The present invention is a computationally-efficient compensator for removing 
nonlinear distortion. The compensator operates in a digital post-compensation configuration for 
linearization of devices or systems such as analog-to-digital 
converters and RF 
receiver electronics. The compensator also operates in a digital pre-compensation configuration for 
linearization of devices or systems such as digital-to-analog 
converters, RF power amplifiers, and RF 
transmitter electronics. The compensator effectively removes 
nonlinear distortion in these systems in a computationally efficient hardware or 
software implementation by using one or more factored multi-rate Volterra filters.
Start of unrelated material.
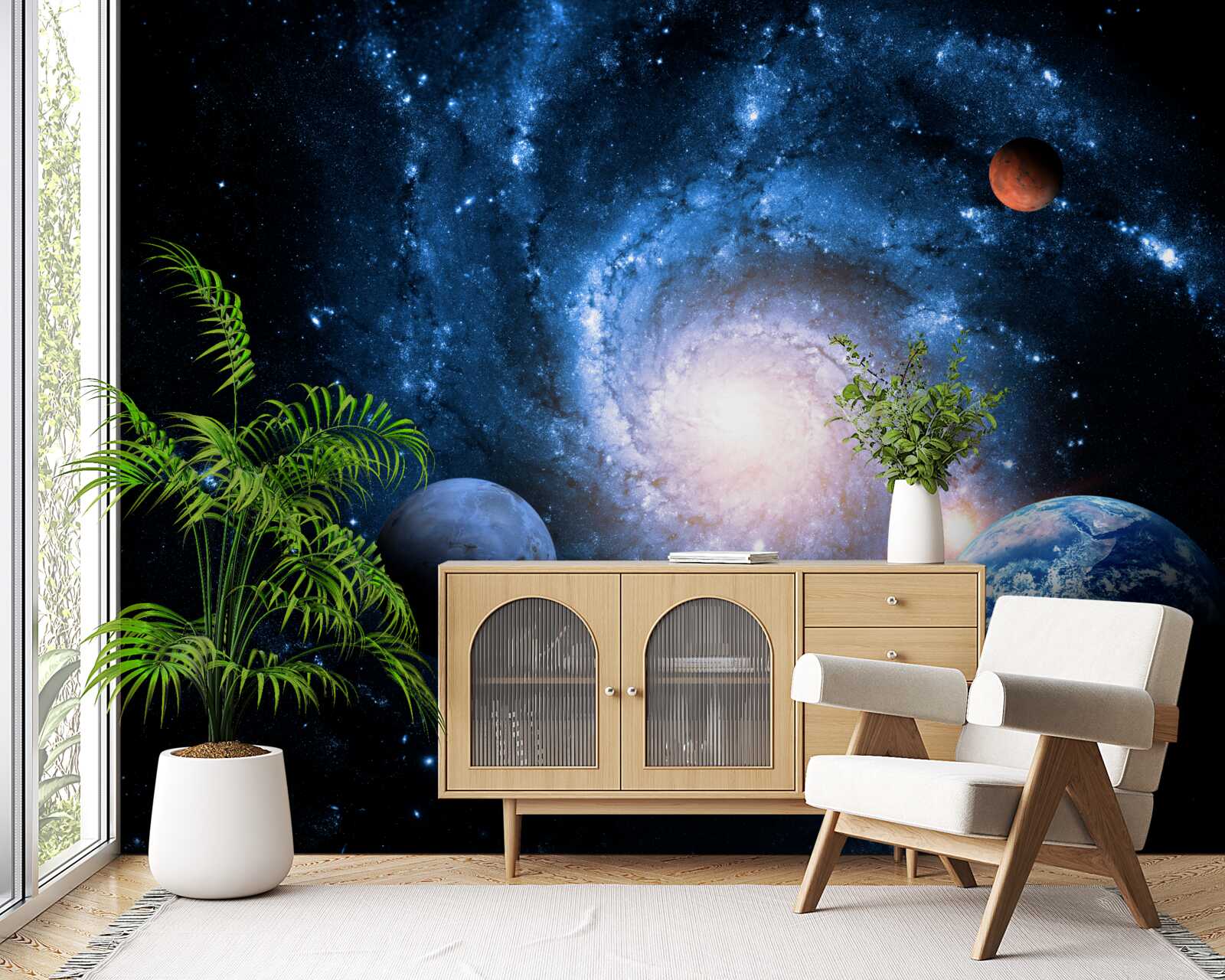 Fototapeta ponurý vesmír s nebeskými telesami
Volterra filters are efficiently factored into parallel FIR filters and only the filters with energy above a prescribed threshold are actually implemented, which significantly reduces the complexity while still providing accurate results. For extremely 
wideband applications, the multi-rate Volterra filters are implemented in a demultiplexed polyphase configuration which performs the filtering in parallel at a significantly reduced 
data rate. The compensator is calibrated with an 
algorithm that iteratively subtracts an 
error signal to converge to an effective compensation 
signal. The 
algorithm is repeated for a multiplicity of calibration signals, and the results are used with 
harmonic probing to accurately estimate the Volterra filter kernels. The compensator improves 
linearization processing performance while significantly reducing the computational complexity compared to a traditional nonlinear compensator.